Pawel Bromson grew up in Poland where he habitually engaged in anti-Semitic activities and, like many of his countrymen, blamed the Jews for the country’s woes.

As a pastime, he and his friends even boarded a train to Auschwitz and vandalized the former concentration camp, where they shouted at staff members that “the genocide should have been bigger,” The National Post reported on Tuesday.

“I wasn’t just anti-Semitic, I was anti-everyone,” Bromson said.

However, Bromson’s story is not that of an anti-Semite prototype.

Fourteen years ago he discovered that his grandparents were Jewish. “I thought my life was finished. It was a catastrophe,” he said.

Like many Jewish families who had survived the Holocaust in Poland, Bromson’s parents hid their religion from their children in order to protect them from persecution, noted the Post.

Over time, Bromson not only accepted the truth regarding his Jewish identity, but also took steps in converting to Judaism, eventually becoming a Hassidic Jew.

He currently lectures about his journey from anti-Semite to observant Jew, and is scheduled to speak at a fundraising event, on Tuesday night, at the Chabad of Westmount, Montreal.

When asked about his past, he responds, “Please, don’t ask me. I try to forget, but I can’t.”

He says that while he does still feel comfortable walking around Poland, his long beard and black hat sometimes cast him as an outsider and draw the attention of his fellow Poles.

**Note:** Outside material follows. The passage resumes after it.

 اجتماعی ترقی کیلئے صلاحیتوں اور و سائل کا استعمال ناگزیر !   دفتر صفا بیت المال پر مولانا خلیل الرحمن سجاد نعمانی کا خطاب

Deborah Shanowitz, program director at the Chabad of Westmount, said the centre decided to bring Bromson to Montreal because he has a very unusual story.

“He was a neo-Nazi who hated Jews and all minorities,” she noted. “After embarking on a path of finding out what it is to be Jewish, he decided to go back and be like his great-grandfather.”

10 Comments

  • B H

    This proves that when someone has the “fire” inside, the passion, it can be directed to good, opposed to being cold and apathetic.

  • Have Kovod for the Tzaddikim and higher

    BS”D
    EVERYONE HAS THE ABILITY TO BE GOOD!
    He is now a Tzaddik Yesod Oilam!
    Do you know how Holy this man is?
    You should be kissing his hands for Brachos!

  • Not Clear

    I don’t get it. So was he Jewish, or just his grandparents? And if he was Jewish why would he have to convert?

  • BH

    incredible. BH for him, and its a zechus to have him with Am Yisroel. IY”H he should help other yidden come closer!

  • article is incorrect

    the Gazette got it wrong- He never converted both his mother and father were Jewish…

  • hate is jealousy

    So hatred for Jews is really just jealousy, but when he found out he was one, he changed his tune. The whole world really wishes they have what we have. Hate is a form of jealousy.

  • Not Converted

    The reporter in the story was not Jewish. Upon hearing that his mother was a practicing Catholic (although she was Jewish by birth) she assumed that he “converted” and put it in the story.
    The reality is that he, of course, was Jewish and did not convert, though he had a bris milah, since his parents did not give him one.